In its new company headquarters, Qantas wished to project a progressive image with the use of the latest imported curtain wall technology combined with Australian materials such as granite, marble and a variety of timbers. Qantas House was the first office building to use Australian black granite from Adelong and Bookharn green granite from the Yass area. Marble was sourced in the country town of Mudgee and the Wombeyan Caves area. Queensland maple was used extensively throughout the building and other timbers featured included walnut, mahogany and sycamore. As well as being chosen for aesthetic and patriotic reasons, there were economies to be achieved through the use of materials which could be found close at hand.

The desire to reflect a specifically Australian character was rare in office interiors of the 1950s.

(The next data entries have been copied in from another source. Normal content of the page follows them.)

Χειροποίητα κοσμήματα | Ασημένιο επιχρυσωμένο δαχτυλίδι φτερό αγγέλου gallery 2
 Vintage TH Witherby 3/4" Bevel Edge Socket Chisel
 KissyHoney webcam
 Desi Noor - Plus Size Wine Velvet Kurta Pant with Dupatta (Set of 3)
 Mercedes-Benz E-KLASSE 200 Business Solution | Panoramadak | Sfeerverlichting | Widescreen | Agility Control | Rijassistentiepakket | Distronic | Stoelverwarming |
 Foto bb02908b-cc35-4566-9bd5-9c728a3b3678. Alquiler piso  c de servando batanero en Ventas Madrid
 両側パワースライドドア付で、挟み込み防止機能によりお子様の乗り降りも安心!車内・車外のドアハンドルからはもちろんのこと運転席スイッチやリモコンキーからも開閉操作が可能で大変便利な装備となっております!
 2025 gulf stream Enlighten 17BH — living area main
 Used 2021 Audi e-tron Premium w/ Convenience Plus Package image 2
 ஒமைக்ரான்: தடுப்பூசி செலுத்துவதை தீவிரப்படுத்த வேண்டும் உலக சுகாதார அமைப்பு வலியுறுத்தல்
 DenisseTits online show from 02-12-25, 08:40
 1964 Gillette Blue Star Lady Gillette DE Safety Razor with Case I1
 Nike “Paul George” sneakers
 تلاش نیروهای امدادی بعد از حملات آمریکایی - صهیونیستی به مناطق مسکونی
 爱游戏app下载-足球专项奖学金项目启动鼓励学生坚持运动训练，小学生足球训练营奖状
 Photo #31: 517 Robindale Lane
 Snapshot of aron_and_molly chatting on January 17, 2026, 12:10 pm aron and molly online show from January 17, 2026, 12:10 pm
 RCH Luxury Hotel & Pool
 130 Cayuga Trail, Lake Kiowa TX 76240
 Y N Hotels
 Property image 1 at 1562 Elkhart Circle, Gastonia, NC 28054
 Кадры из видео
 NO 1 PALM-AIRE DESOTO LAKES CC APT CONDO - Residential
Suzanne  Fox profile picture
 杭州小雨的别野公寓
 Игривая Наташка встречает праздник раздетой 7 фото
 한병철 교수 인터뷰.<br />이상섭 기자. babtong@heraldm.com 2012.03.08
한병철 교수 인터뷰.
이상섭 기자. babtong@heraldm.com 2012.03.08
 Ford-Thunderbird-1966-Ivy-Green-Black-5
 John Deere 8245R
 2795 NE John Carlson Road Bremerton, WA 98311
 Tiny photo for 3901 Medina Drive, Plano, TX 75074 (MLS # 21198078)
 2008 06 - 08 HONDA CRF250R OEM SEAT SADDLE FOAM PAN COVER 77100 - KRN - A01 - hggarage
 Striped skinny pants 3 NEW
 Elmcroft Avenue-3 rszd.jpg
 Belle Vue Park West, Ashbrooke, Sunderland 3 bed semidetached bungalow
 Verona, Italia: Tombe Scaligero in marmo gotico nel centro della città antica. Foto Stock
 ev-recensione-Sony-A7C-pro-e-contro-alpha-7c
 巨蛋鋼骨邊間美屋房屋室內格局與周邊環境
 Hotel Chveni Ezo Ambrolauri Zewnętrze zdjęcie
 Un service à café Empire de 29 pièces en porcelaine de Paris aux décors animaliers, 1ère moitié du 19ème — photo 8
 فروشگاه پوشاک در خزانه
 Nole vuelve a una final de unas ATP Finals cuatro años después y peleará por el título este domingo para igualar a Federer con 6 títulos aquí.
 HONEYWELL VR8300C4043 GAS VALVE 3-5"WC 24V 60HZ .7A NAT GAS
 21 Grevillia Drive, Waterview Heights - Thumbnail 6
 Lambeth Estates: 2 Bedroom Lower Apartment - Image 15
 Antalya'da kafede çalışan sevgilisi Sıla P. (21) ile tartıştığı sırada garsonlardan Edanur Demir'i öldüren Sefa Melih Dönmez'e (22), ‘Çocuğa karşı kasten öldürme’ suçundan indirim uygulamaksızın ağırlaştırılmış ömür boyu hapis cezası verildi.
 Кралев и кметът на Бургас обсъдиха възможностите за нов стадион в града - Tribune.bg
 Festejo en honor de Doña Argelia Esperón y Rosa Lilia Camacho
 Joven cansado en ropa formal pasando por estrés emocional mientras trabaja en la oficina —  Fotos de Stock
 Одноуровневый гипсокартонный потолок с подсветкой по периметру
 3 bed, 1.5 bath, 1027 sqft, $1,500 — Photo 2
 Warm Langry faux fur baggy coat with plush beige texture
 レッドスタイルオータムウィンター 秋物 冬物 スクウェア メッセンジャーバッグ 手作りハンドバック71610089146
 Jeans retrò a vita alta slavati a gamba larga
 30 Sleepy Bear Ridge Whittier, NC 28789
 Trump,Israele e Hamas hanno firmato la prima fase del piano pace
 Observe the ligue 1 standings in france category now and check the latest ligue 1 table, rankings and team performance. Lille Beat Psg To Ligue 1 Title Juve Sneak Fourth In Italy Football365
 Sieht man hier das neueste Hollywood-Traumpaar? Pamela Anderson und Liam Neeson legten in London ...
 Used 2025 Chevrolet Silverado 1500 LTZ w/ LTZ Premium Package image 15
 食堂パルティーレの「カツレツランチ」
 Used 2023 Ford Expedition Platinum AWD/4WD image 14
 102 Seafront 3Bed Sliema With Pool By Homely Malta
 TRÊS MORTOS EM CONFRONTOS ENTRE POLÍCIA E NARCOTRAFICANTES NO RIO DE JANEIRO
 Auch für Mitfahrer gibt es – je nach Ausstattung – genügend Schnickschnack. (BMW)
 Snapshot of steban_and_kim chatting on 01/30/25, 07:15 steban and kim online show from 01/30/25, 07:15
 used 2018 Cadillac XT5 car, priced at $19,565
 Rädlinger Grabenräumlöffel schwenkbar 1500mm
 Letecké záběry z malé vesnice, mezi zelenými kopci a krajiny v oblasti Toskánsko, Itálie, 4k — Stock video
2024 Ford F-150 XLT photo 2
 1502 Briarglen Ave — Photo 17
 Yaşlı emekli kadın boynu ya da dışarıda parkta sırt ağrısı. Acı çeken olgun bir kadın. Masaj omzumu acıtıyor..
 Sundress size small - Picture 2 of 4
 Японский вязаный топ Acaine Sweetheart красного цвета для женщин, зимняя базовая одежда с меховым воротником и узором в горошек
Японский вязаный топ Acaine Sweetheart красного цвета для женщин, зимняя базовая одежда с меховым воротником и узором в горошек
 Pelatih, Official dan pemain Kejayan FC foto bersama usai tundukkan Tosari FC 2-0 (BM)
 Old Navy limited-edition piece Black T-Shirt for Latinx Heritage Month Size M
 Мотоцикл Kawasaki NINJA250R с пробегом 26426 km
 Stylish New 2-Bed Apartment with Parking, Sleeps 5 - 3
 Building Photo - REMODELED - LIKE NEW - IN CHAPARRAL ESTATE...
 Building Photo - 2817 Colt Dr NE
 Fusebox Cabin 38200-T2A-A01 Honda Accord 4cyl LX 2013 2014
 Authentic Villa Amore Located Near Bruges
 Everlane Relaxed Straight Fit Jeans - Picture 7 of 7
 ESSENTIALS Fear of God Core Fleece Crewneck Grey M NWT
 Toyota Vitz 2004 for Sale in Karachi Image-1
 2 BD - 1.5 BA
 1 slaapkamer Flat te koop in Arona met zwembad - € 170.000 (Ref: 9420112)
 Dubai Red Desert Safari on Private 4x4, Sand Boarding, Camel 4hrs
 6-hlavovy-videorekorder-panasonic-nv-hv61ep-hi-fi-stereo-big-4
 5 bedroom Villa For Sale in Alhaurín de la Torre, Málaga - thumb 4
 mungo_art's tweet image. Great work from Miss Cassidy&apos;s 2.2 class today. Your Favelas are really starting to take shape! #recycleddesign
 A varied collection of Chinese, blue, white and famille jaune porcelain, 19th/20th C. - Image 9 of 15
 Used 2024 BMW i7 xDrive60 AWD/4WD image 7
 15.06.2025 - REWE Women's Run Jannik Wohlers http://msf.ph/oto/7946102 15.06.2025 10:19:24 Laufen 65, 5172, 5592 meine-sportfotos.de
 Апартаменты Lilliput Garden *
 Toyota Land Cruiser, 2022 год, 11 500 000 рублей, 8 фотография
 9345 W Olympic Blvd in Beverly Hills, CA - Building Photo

In keeping with the prevailing International style, the Australian theme in Qantas House was reflected more in the choice of materials than in the way they were used.

In her report Post World War II Multistoried Office Buildings in Australia (1945–1967), Jennifer Taylor states that the 'aesthetic ideas informing the design of multistoried office buildings in the '50s and '60s in Australia essentially belonged to architectural traditions developed in the Bauhaus, Germany in the late 1920s and early '30s and transported to America after the closure of that school by the Nazi government, where they blended with America's own traditions associated with multistoried building design. These ideas form the mainstream of architectural modernism, and are characterised by a value placed upon clarity, rationality, honesty, efficiency, functionality and technology. The external skin of the building was often the vehicle for a potent expression of such values. The glass curtain wall was prized as representing the complete release of the external fabric from its structural role'.

Buildings demonstrating the new curtain wall technology began to appear in Australian cities, particularly Sydney and Melbourne, from 1955. Qantas House (completed 1957), with its sweeping curtain wall attached to a reinforced concrete frame, is therefore an early example of the influence of this contemporary American technology and aesthetic in Australia. The building is significant in that it embraced this construction and aesthetic within the constraints of the 150' height limit which remained in place in Sydney until 1963.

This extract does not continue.